Opinion No. 26639, decided April 20, 2009.
Practice Areas: Litigation
In Gissel v. Hart, 373 S.C. 281, 644 S.E.2d 772 (Ct. App. 2007), several mobile home purchasers sued a mobile home dealership, naming both the dealership and several individuals as defendants. The dealership settled and an arbitrator awarded damages against the individual defendants. The South Carolina Court of Appeals found that the plaintiffs’ complaint did not clearly assert claims against the individual defendants in their individual capacities rather than as representatives of the dealership and partially vacated the arbitrator’s award on that basis. However, the South Carolina Supreme Court reversed, holding that it was error to look to the allegations of the complaint in order to determine whether the award was proper.
McCuen v. BMW Manufacturing Corp., 383 S.C. 19, 677 S.E.2d 28 (Ct. App. 2009).
Opinion No. 4531, decided April 15, 2009.
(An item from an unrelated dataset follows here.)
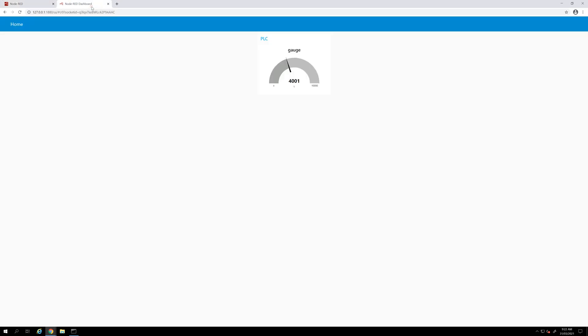And we can see the value is changing as well. So this concludes the demo for today. How to build a PLC web client with Node-RED.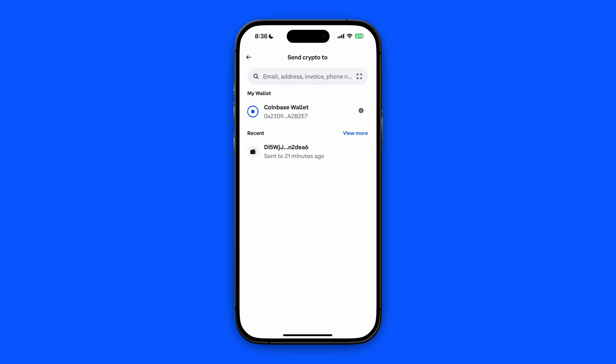Now we're going to click on Coinbase Wallet. For this you need to have your Coinbase Wallet and Coinbase account linked. If you don't know how to do that, check my other video where I show you exactly how to link your Coinbase and Coinbase Wallet account.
Practice Areas: Workers’ Compensation
The claimant sought workers’ compensation benefits for injuries allegedly sustained during his employment as a dent removal technician at an automobile manufacturing plant. The single commissioner found that the claimant had suffered accidental injuries to his neck, upper extremities, and hands arising out of his employment. The Appellate Panel affirmed, and the employer appealed only that portion of the award relating to the claimant’s alleged neck injuries. The circuit court affirmed, but the South Carolina Court of Appeals reversed, holding that because the claimant did not develop neck pain until several months after leaving his employment, there was not substantial evidence supporting an award of benefits for neck injuries.
Jackson v. Bermuda Sands, Inc., 383 S.C. 11, 677 S.E.2d 612 (Ct. App. 2009).
Opinion No. 4530, decided April 14, 2009.
Practice Areas: Products Liability
A hotel patron was injured when a chair in the hotel’s indoor pool area collapsed as he attempted to sit in it. He subsequently filed this action against the hotel and the chair’s alleged manufacturer. The hotel settled with the patron and was removed from the case, which proceeded against the manufacturer. The manufacturer filed a motion for summary judgment and the trial court granted the motion. On appeal, the South Carolina Court of Appeals affirmed, holding that the patron had failed to prove the second and third elements of products liability claims because he could not show that the collapsed chair was defective or that the chair, when it collapsed, was in the same condition as when it left the manufacturer.
In re Theisen, 382 S.C. 213, 676 S.E.2d 133 (2009).
Opinion No. 26630, decided April 13, 2009.
Practice Areas: Probate Law
The decedent died on November 16, 2004, and on January 11, 2005, the personal representatives of the decedent’s estate filed his will and two codicils for informal probate in New Jersey (as specified by the will). On March 3, 2005, one of the decedent’s daughters filed a complaint in South Carolina requesting a determination of the proper forum for probating the will. The court held that principles of comity required that New Jersey courts determine any jurisdictional issues. Eleven months later, on February 3, 2006, the same daughter filed a petition in South Carolina challenging the validity of the will, but the trial court granted summary judgment to the defendants on the grounds that the action was barred by the eight-month limitations period provided in S.C. Code Ann. § 62-3-108(3). On appeal, the South Carolina Supreme Court affirmed, holding that the statute began to run when the will was filed for informal probate in New Jersey and rejecting the daughter’s argument that the statute did not apply to out-of-state probate proceedings.
Mead v. Jessex, Inc., 382 S.C. 525, 676 S.E.2d 722 (Ct. App. 2009).
Opinion No. 4525, decided April 2, 2009.
Practice Areas: Workers’ Compensation
The claimant alleged he was injured on the job and sought workers’ compensation benefits, which his employer initially denied. Three hearings were held. At the first, the single commissioner awarded benefits for the claimant’s right hip and right leg injury. At the second, a different single commissioner awarded benefits for back pain which he found was directly related to the claimant’s original injury. However, he denied benefits for the claimant’s alleged left hip injuries because the claimant failed to prove that they were related to the original injury. Neither party appealed the findings of the first or second single commissioners. At the third hearing, yet another single commissioner awarded benefits for a change in condition to the claimant’s left hip arising out of the original injury. The Appellate Panel reversed, finding that the claimant’s claim for benefits related to his left hip was barred by res judicata because the unappealed finding of the second single commissioner that the claimant’s left hip injuries were unrelated to the original injury was the law of the case. The circuit court reversed the Appellate Panel, but the South Carolina Court of Appeals reversed the circuit court and reinstated the Appellate Panel’s decision, finding that res judicata barred the claimant from relitigating the alleged injuries to his left hip.